On January 23, 2010, Defendant Burns filed a motion to dismiss and more definite statement, seeking dismissal of Plaintiff's claim of malicious prosecution against him, based upon the doctrine of absolute prosecutorial immunity, and requesting a more definite statement of Plaintiff's false arrest and illegal search and seizure claims against him. [ECF No. 6]. The remaining Defendants filed an answer to the complaint. [ECF No. 14].
By Memorandum Order dated April 29, 2011, District Judge Maurice B. Cohill adopted this Court's Report and Recommendation and granted Defendant Burns' motion to dismiss Plaintiff's malicious prosecution claim. [ECF No. 28]. Judge Cohill also granted Defendant Burns' motion for more definite statement as to Plaintiff's false arrest and illegal search and seizure claims, and ordered Plaintiff to file an amended complaint setting forth the specific basis upon which Plaintiff is seeking recovery from Defendant Burns for such claims. [Id.] In accordance with this Order, Plaintiff filed an amended complaint as to Defendant Burns only with regard to his false arrest and illegal search and seizure claims. [ECF No. 30].
In his amended complaint, Plaintiff alleges that drug charges that were brought against him on or about July 28, 2006, were ultimately terminated in his favor. (ECF No. 30 at ¶ 1). Plaintiff alleges that Defendant Burns "knew that the Plaintiff did not commit any of the crimes charged, but continued in concert with the other defendants with their unlawful actions, without probable cause to proceed with criminal prosecution." (Id. at ¶ 2). Plaintiff alleges further that Defendant Burns was supplied with an allegedly exculpatory videotaped witness statement, "but instead of dropping the charges against the Plaintiff [he] proceeded with the filing of the bogus charges." (Id.).

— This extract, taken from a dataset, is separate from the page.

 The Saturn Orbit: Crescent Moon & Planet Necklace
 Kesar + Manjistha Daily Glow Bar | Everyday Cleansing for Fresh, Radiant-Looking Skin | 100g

Defendant Burns' has since filed a motion to dismiss amended complaint [ECF No. 31], arguing that Plaintiff's amended claims are barred by the doctrine of absolute prosecutorial immunity. Despite having been given ample time to respond to Defendant Burns' motion, Plaintiff has failed to do so. This matter is now ripe for consideration.
B. Standards of Review
1. Motion to Dismiss
A motion to dismiss filed pursuant to Federal Rule of Civil Procedure 12(b)(6) must be viewed in the light most favorable to the plaintiff and all the well-pleaded allegations of the complaint must be accepted as true. Erickson v. Pardus, 551 U.S. 89, 93-94 (2007). A complaint must be dismissed pursuant to Rule 12 (b)(6) if it does not allege "enough facts to state a claim to relief that is plausible on its face." Bell Atlantic Corp. v. Twombly, 550 U.S. 544, 570 (2007)(rejecting the traditional 12 (b)(6) standard set forth in Conley v. Gibson, 355 U.S. 41 (1957)). See also Ashcroft v. Iqbal, ____ U.S. ____, ____, 129 S.Ct. 1937 (May 18, 2009) (specifically applying Twombly analysis beyond the context of the Sherman Act).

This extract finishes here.